芸人と金とコーラの日。
6年前のとある華金の夜、芸歴1年目の僕は新宿歌舞伎町で同期と3人で飲んでいた。
お笑いの話やくだらない話をしながら楽しくお酒を飲むと「二軒目に行こう」ってことになった。
どこに行こうか悩んでいたところキャッチのお兄さんに話しかけられた。
「キャバクラ1時間3000円でどうですか?」
今の僕なら"これは罠だ"と分かるのだが、当時若かったのと酔っ払っていたこともあり
「行きます!!!」
と即答。
僕達はまんまとキャッチのお兄さんに連れられて店の前へ。
そして店のドアが開いて中に入った瞬間、ものすごい違和感に気付いた。
華金の夜なのに広い店内に客が1人もいない。
僕達はこの違和感に悪質な店だとすぐに察し、小声で
「一杯だけ飲んで30分で出よう」
と約束して席に着いた。
そんな心配も束の間、飲み始めてみるとボーイの方もキャバ嬢の方もめちゃくちゃ気さくで普通のキャバクラだった。
「考え過ぎだったかな?」
なんて思いながらそのまま30分が経過、もう不信感は無かったが念のため約束通りの30分でお会計を頼んだ。
気さくなボーイの方が笑顔で伝票を持ってくる。
「ありがとうございます」
と笑顔で返して伝票を開いた。
お会計、25万円。
スーパー悪質ぼったくり店だった。
その場の空気が凍りついた。
さっきまで気さくだったボーイとキャバ嬢はそこにはいない。
全員真顔で伝票を見つめ
「早く払えよ」
みたいな空気を出してた。
「いや、1時間3000円って聞いたんですけど…」
「それうちのキャッチじゃないんで。」
「え、でも30分で25万円ですか…?」
「はい。うちはその料金でやらせてもらってるので。」
そんな会話をしていると奥から怖いお兄さんが2.3人出てきて
「払えないなら一緒にATM行きましょう」
って言われた。
誤魔化さないように目の前でお金をおろさせて全員の銀行の残高を根こそぎ持っていく気だ。

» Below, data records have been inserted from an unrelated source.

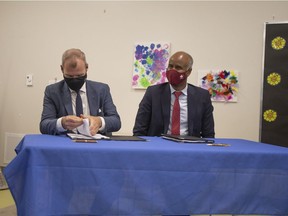 CP-Web. Saskatchewan's Minister of Education, Dustin Duncan and Minister of Families, Children and Social Development, Ahmed Hussen announce a provincial and federal agreement for federal funding of nearly $1.1 billion over the next five years in Saskatchewan. The announcement was held at Hope's Home childcare centre in Regina, Sask., on Friday, August 13, 2021.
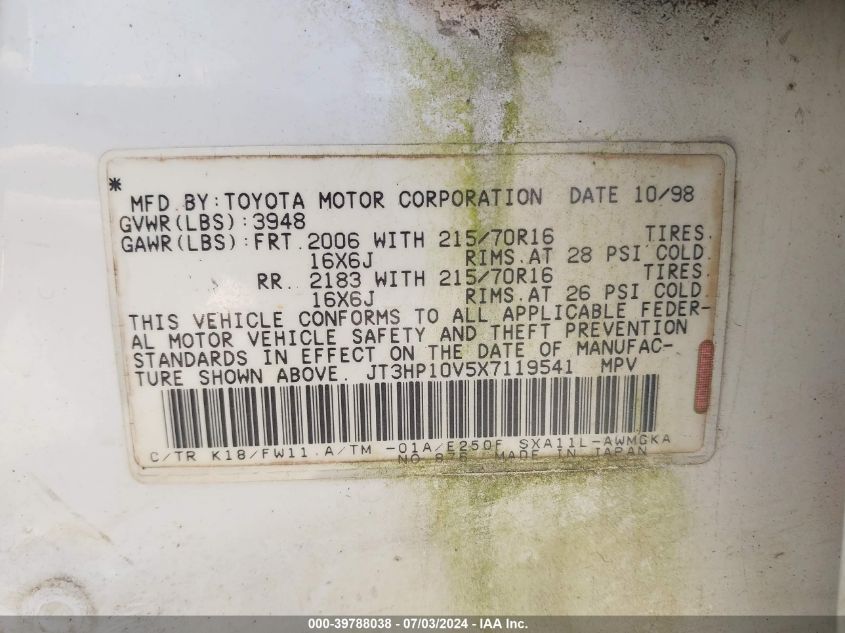 1999 Toyota Rav4 VIN: JT3HP10V5X7119541 Lot: 39788038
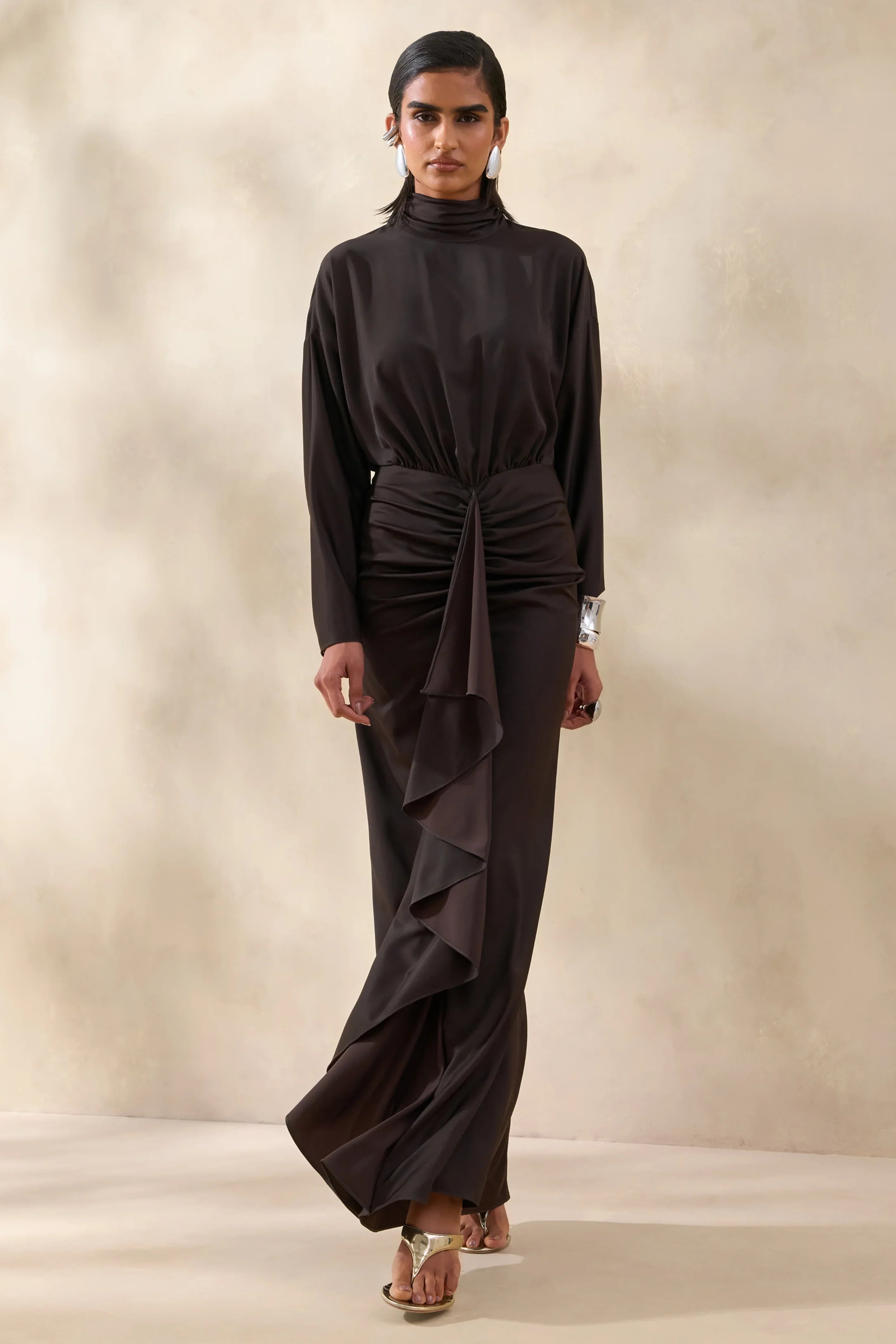 Perla Dark Brown High Neck Maxi Dress With Gathered Detailing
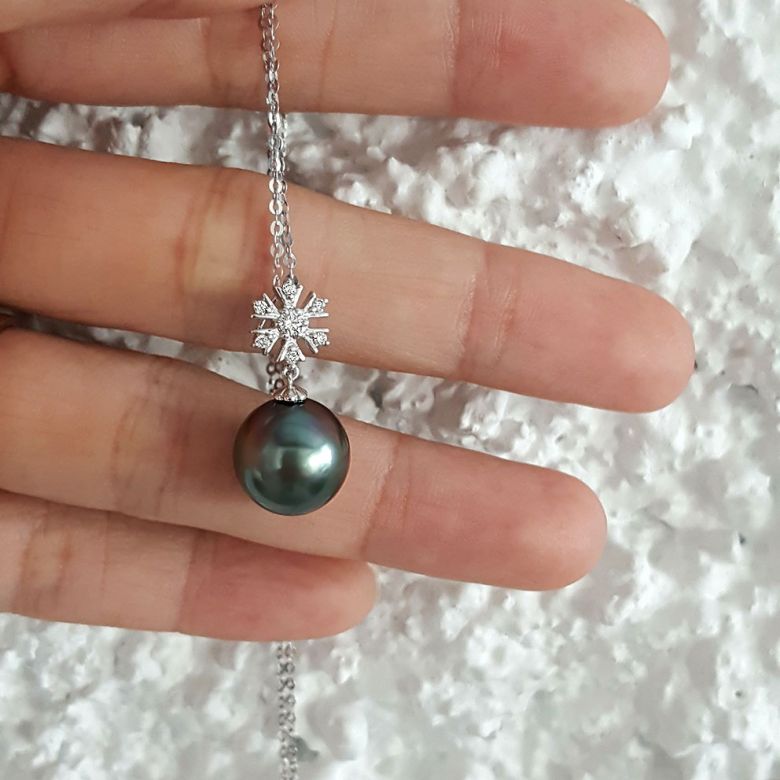 Ciondolo Cap Vert - Oro Bianco, Diamanti e Perla di Tahiti - 5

断ったら何をされるか分からない、僕らは覚悟を決めて1人1人怖いお兄さんに囲まれながらATMに連れて行かれ全財産をおろした。
そして、全員の全財産を足した金額がテーブルの上に揃った。
3万円。
店内のボーイとキャバ嬢は笑いを堪えるのに必死だった。
22.3歳の大人3人の全財産が3万。
全員芸歴1年目、お笑いの仕事などほとんどなくアルバイトの給料日目前で口座にお金が無かったのが幸いした。
さっきまで怖かった人達も同情したのか
「じゃあ今日はこれで大丈夫ですよ」
と言って帰らせてくれた。
やっと解放されて店を出た。
僕達は解放された安心感と金の無さに大笑いしながら
「ぼったくられたなー!」
なんて呑気なこと言って、みんなでポケットにあったなけなしの小銭でコーラを買って飲みながら歩いて帰った。
あの時のコーラ、炭酸とはまた違う刺激があっていつもより美味しく感じた。